An image of Peggy A. Whitson, an American astronaut at the International Space Station, in April at mission control in Korolev, outside Moscow. A plan to suspend NASA's capacity to fly astronauts into space has set off a geopolitical controversy. (James Hill for The New York Times)
From The International Herald Tribune:
STAR CITY, Russia: This place was once no place, a secret military base northeast of Moscow that did not show up on maps. The Soviet Union trained its astronauts here to fight on the highest battlefield of the Cold War: space.
Yet these days, Star City is the place for America's hard-won orbital partnership with Russia, where astronauts train to fly aboard Soyuz spacecraft. And in two years, according to the Bush administration's plans, Star City will be the only place for sending astronauts from any nation to the International Space Station.

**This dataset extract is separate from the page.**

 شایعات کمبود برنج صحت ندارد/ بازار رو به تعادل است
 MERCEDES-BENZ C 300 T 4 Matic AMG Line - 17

The gap is coming: Between 2010, when the National Aeronautics and Space Administration shuts down the space shuttle program, and 2015, when the next generation of U.S. spacecraft is scheduled to arrive, NASA expects to have no human flight capacity and will depend on Russia to get to the $100 billion station, buying seats on Soyuz craft as space tourists do.
As NASA celebrates its 50th anniversary this month, the administration's plan to retire the shuttle and work on a return to the Moon has thrust the U.S. space program squarely into national politics and geopolitical controversy.